[PROBLEM STATEMENT]
Reproduce exactly the lines below, from the first one through the line containing "vidaXL Uszczelki z", and omit any pictures.

------ EXERCISE INPUTS ------

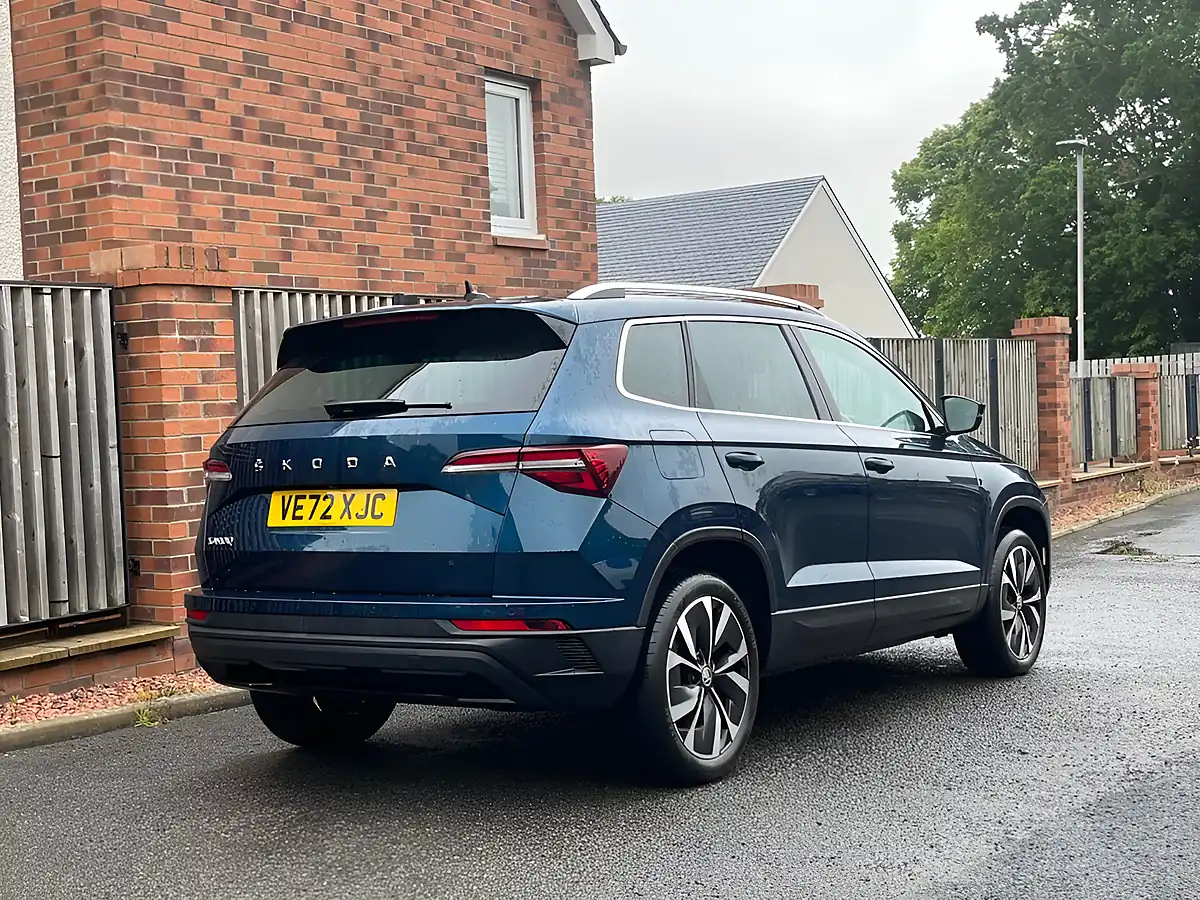 Used 2023 Skoda Karoq Se L Blue - Interior and Exterior details 5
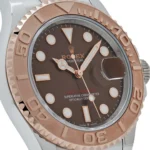 Rolex Yacht-Master Replica 126621 Stainless Steel Rose Gold Brown Dial - Image 5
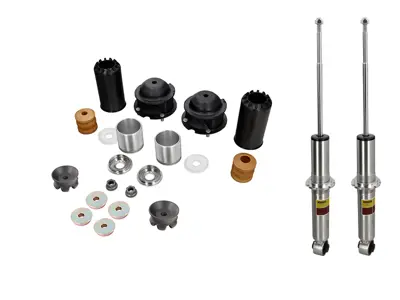 Shock absorbers rear strut and mounting kit rear Porsche 964 12/1988–1990 - 96433305105, 96433305104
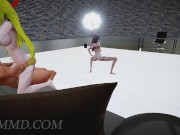 Misaka dancing and Misaki having sex - Hyolyn - Say My Name 1343 9/16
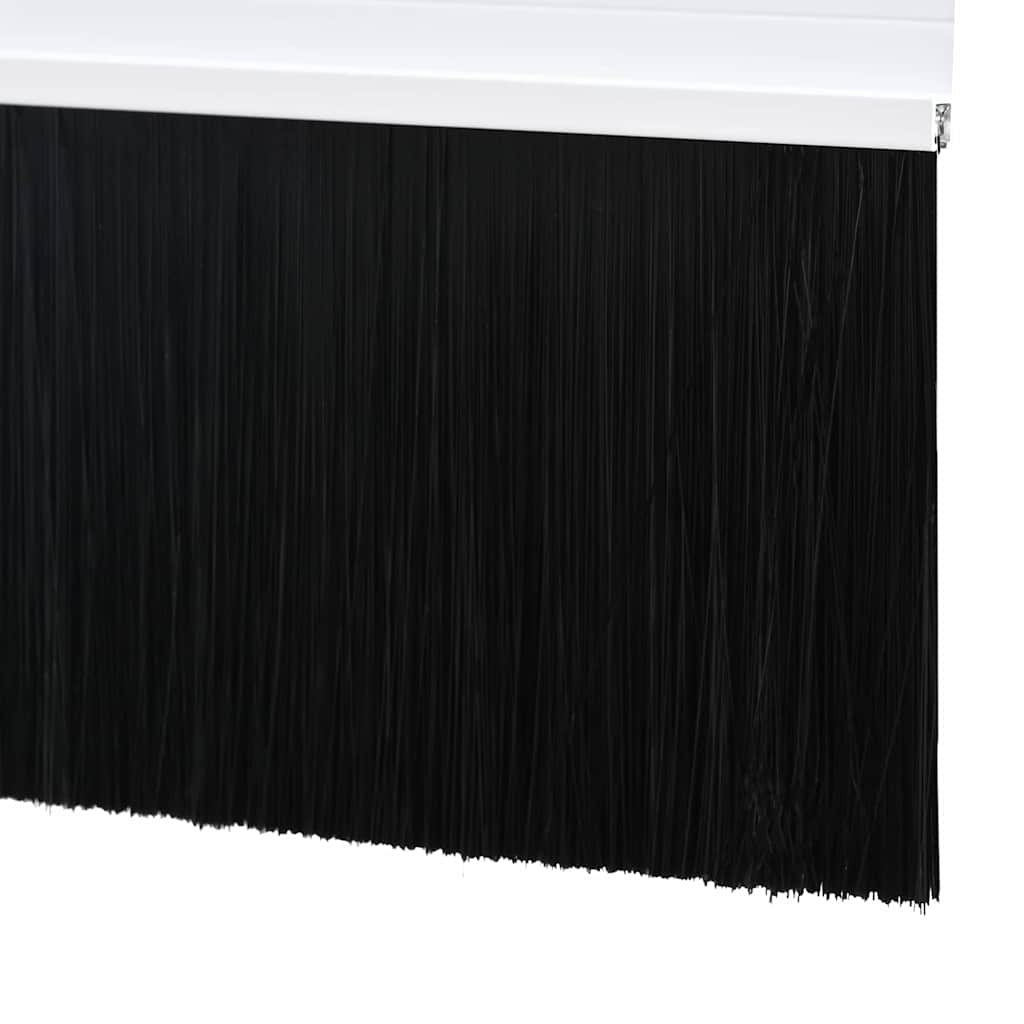 vidaXL Uszczelki z szczotką do drzwi na zatrzask 6 pcs Biały 100 cm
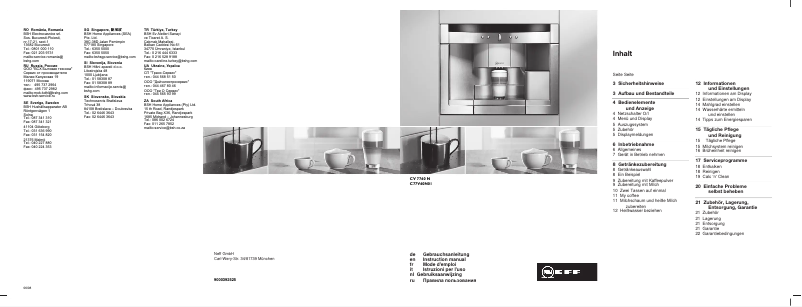 Página 1 del manual Manual de usuario Neff CV 7760 N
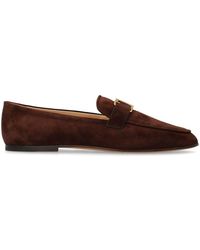 Tod's - Tone Slip-On Flat Shoes - Lyst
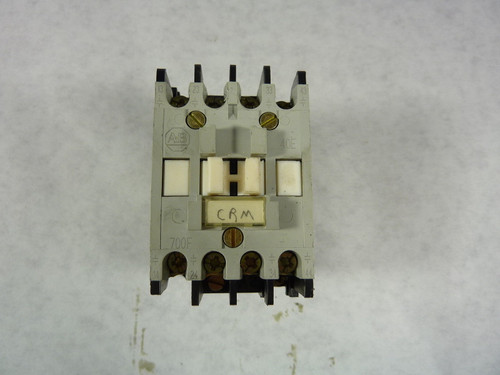 Allen-Bradley 700-F400A1 Series C Contactor 120V@60Hz 110V@50Hz 10A USED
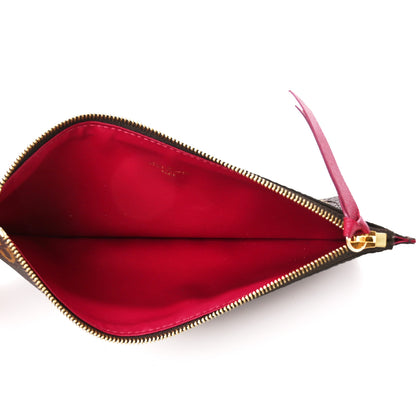 Louis Vuitton Monogram Pochette Felicie Chain Wallet Fuchsia 10 of 16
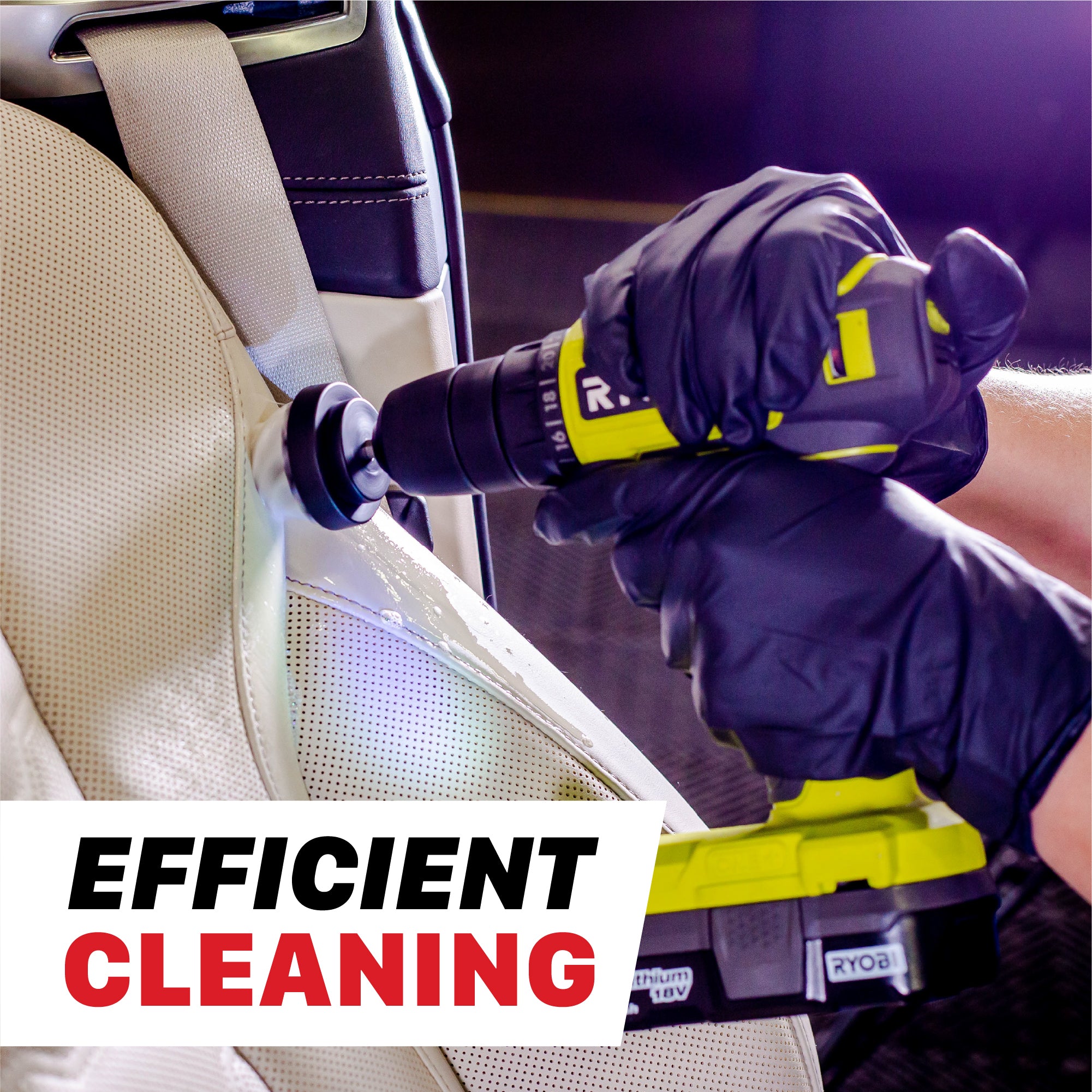 7012010 Soft Leather & Fabric Drill Brush Set - 2in & 4in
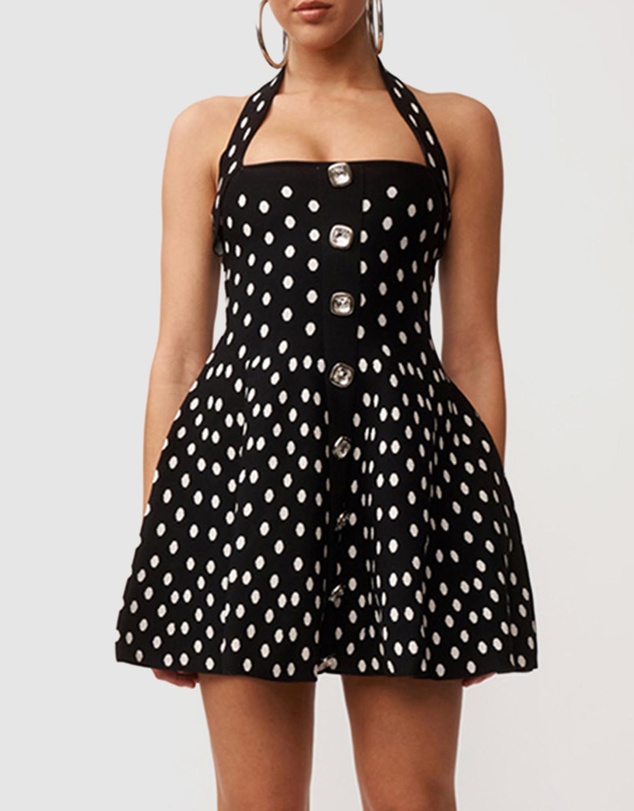 BY JOHNNY. - Polka Knit Mini Dress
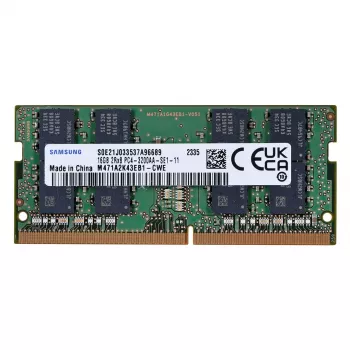 Samsung M471A2K43EB1-CWE 16 GB DDR4 3200 MHz PC4-25600 SODIMM, 16 GB, 1 x 16 GB, DDR4, 3200 MHz, 260 kontaktu SO-DIMM, zaļa
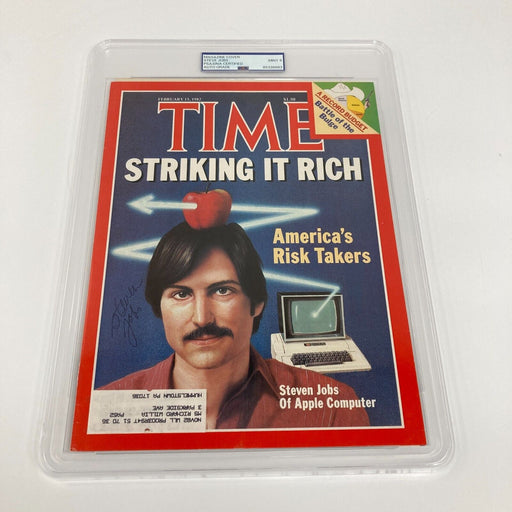Steve Jobs Signed 1982 Time Magazine PSA DNA Graded 9 MINT Apple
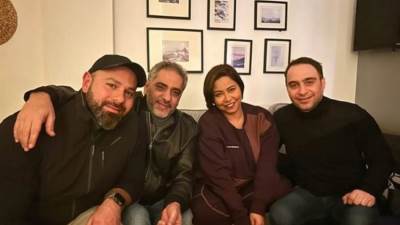 لقاء شيرين عبدالوهاب و فضل شاكر بعد غياب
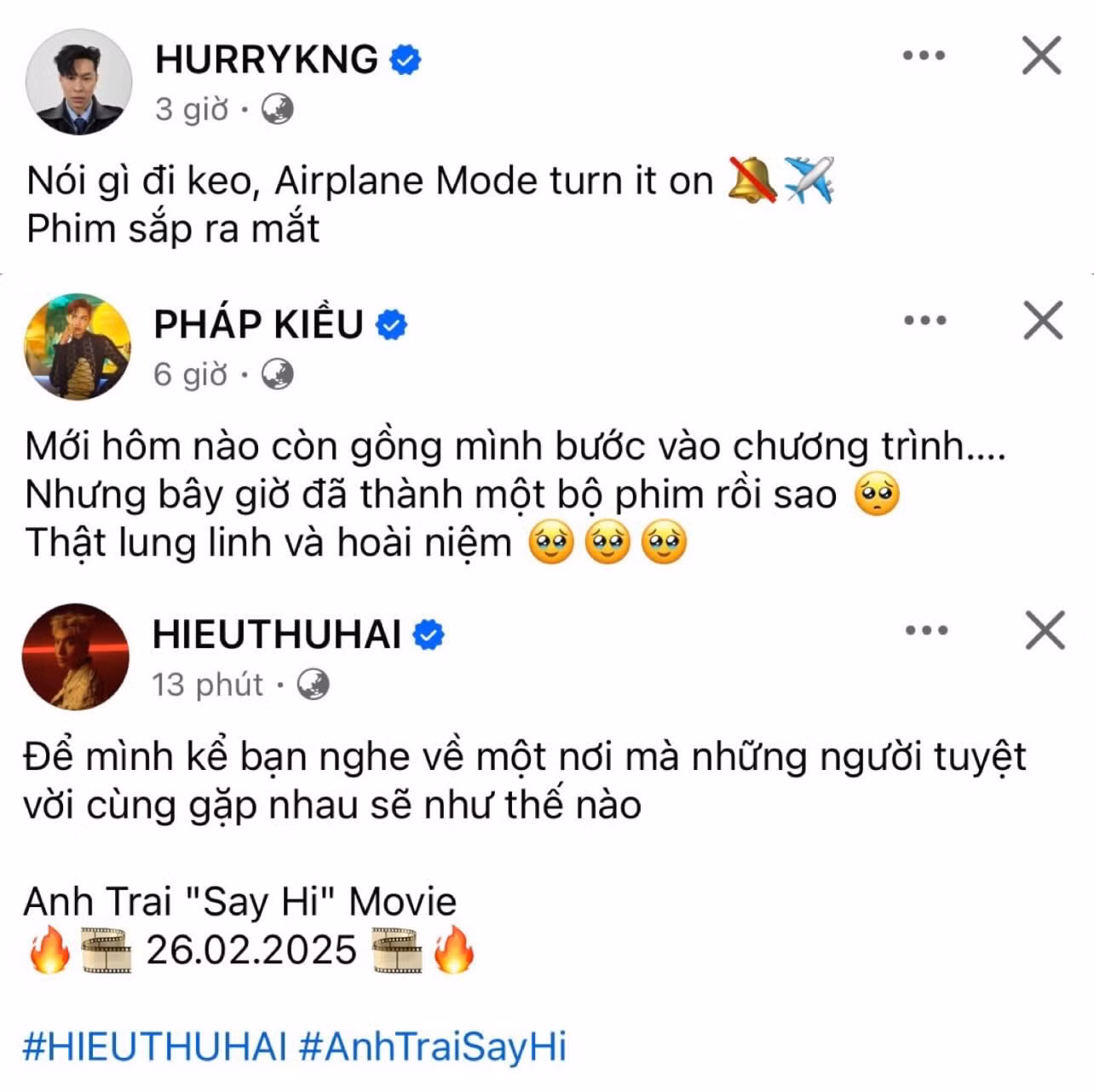 HURRYKNG, Pháp Kiều, HIEUTHUHAI rưng rưng khi xem lại hành trình "Say Hi".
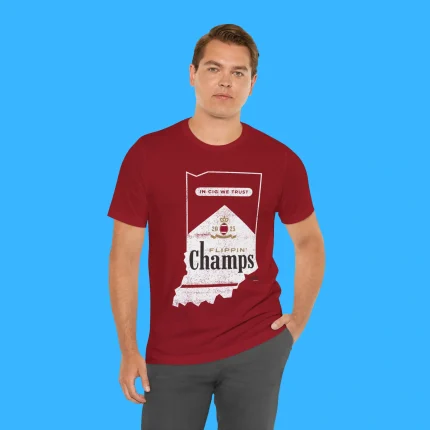 Flippin Champs Indiana College Football Fans Person Shirt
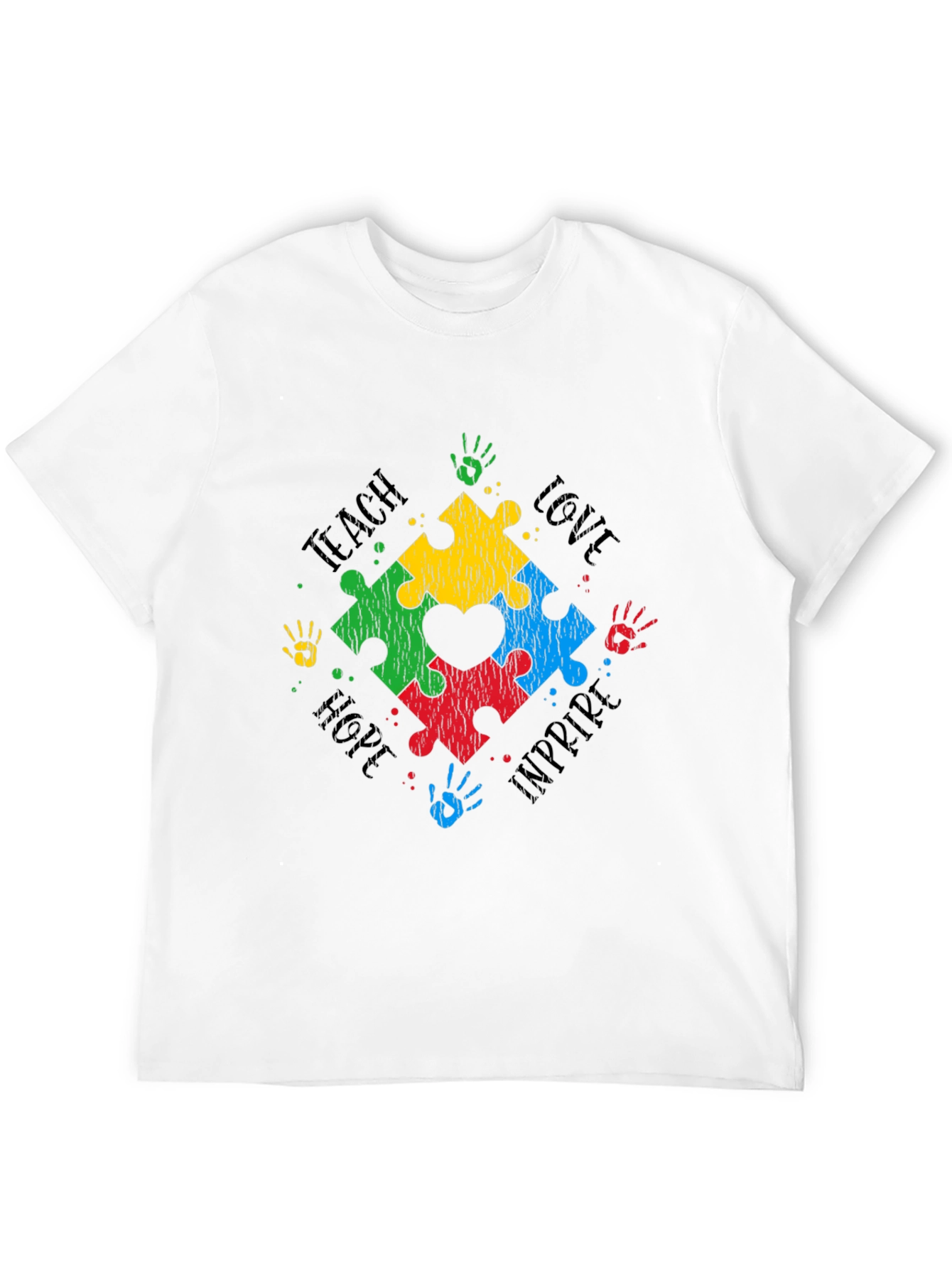 Autism Awareness Puzzle Heart T-Shirt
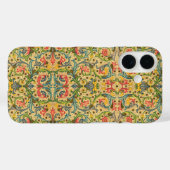  Italiaans Arabesque Blue en Gold Case-Mate iPhone Case (Achterkant (horizontaal))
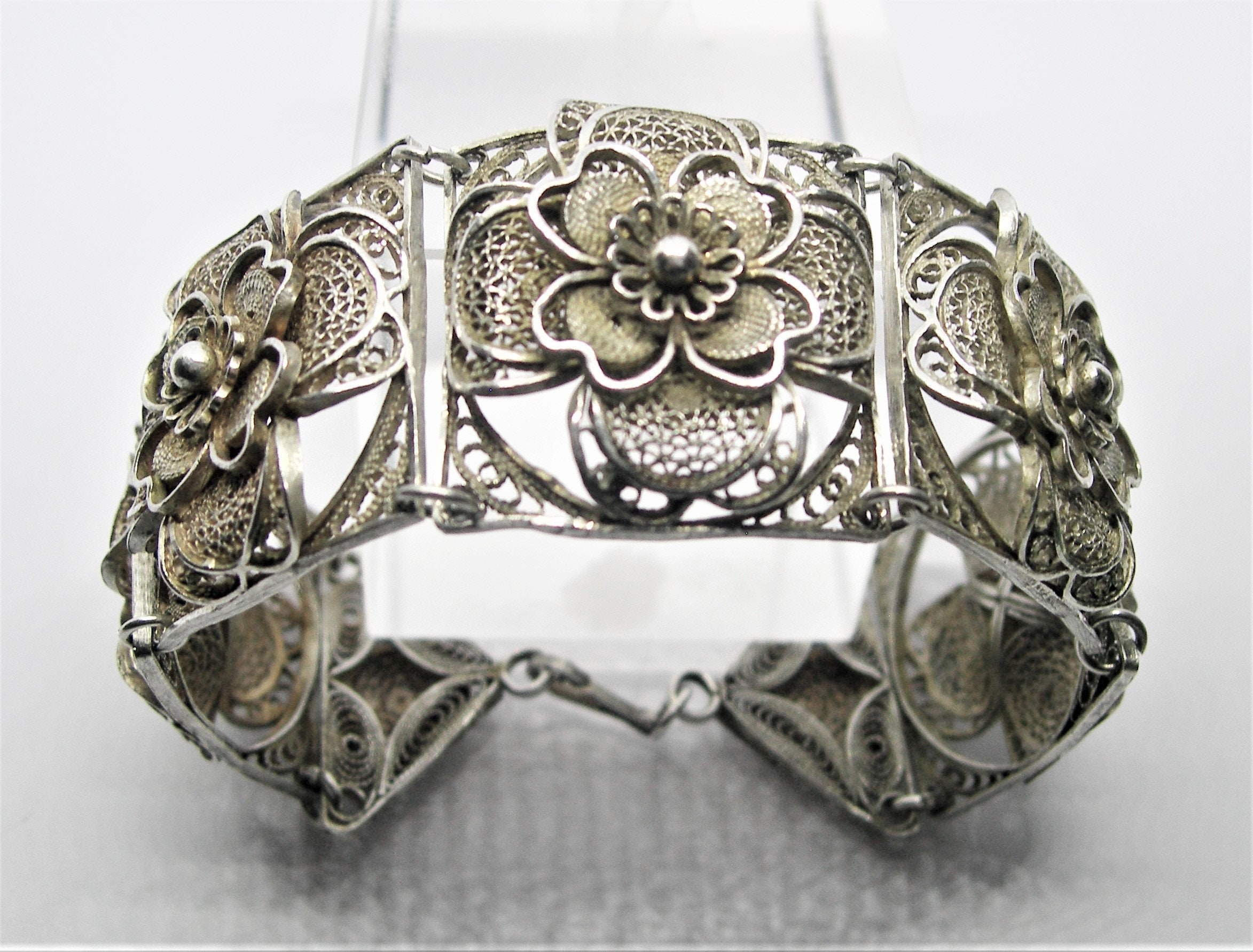 Sterling silver hotsell filigree bracelet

------

[TASK OUTPUT]
 Used 2023 Skoda Karoq Se L Blue - Interior and Exterior details 5
 Rolex Yacht-Master Replica 126621 Stainless Steel Rose Gold Brown Dial - Image 5
 Shock absorbers rear strut and mounting kit rear Porsche 964 12/1988–1990 - 96433305105, 96433305104
 Misaka dancing and Misaki having sex - Hyolyn - Say My Name 1343 9/16
 vidaXL Uszczelki z szczotką do drzwi na zatrzask 6 pcs Biały 100 cm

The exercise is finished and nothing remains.